21年3月期の連結業績予想は開示しなかった。4月の店舗やインターネット通販での売上高は前年同月比7割以上落ち込んでおり、緊急事態宣言を受けた休業の影響が色濃く出ている。

一方で同社の「エポスカード」の会員数が増加傾向にあるなど、フィンテック関連は収益を下支えしそうだ。「リボルビング払い」などで安定的な収入が見込めることもあり増配に踏み切る。

同日発表した20年3月期の連結決算は、純利益が前の期比微増の253億円、売上高にあたる売上収益は2%減の2475億円だった。

新型コロナによって、商業施設は休業を余儀なくされる中でも1円とはいえ増配を行うようです。

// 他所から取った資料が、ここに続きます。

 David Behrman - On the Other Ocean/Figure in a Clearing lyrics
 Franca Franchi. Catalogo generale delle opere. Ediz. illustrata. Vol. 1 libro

今回はなぜマルイは増配を行う余力があるのかと今後について考えていきましょう。

それではまず、こちらの資料をご覧ください。

売上高は1.5%減の2475億円、営業利益は1.8%増の419.4億円、純利益は0.2%増の253.9億円と、減収ながらも増益となっている事が分かります。

ではどうして減収となりながらも増益を達成できたのでしょうか?

小売事業の利益は前期比88%の100億円となりながらも、フィンテックの分野(クレジットカードのエポスカードなどの事業)では前期比110%の384億円となっている事が分かります。
つまり、新型コロナの影響を受けつつも増益となったのは既に丸井の収益源は小売りから、フィンテック事業へ移っていたからだという事ですね。

続いてこちらの資料をご覧ください。

カード会員数、取扱高ともに堅調に伸びている事が分かります、このカード事業の好調さが業績を支えていたのですね。

続いてこちらの資料をご覧ください。

とはいえ、4月からは全店の臨時休業を決めたことによって小売りの取扱高は前期比27%となりフィンテックの取扱高も前期比82%となっていますので2021年3月期にダメージがあるでしょう。
しかし、クレジットカードはもちろんマルイだけで使うわけではなく、外部でも利用されるのでフィンテック事業は前期比82%と壊滅状態にはなっていません。

続いてこちらの資料をご覧ください

マルイは、エポスカードで家賃保証や、リカーリング(繰り返し行われる取引)、サブスクリプション(月額課金などの定期的に支払いが行われる取引)企業との提携によって拡大していくとしています。
実際に家賃保証などは既に大きく伸び始めているようです。
これらに共通することは、市場の動向にあまり左右されずに定期的な支払いが行われるので安定して収益が望める点です。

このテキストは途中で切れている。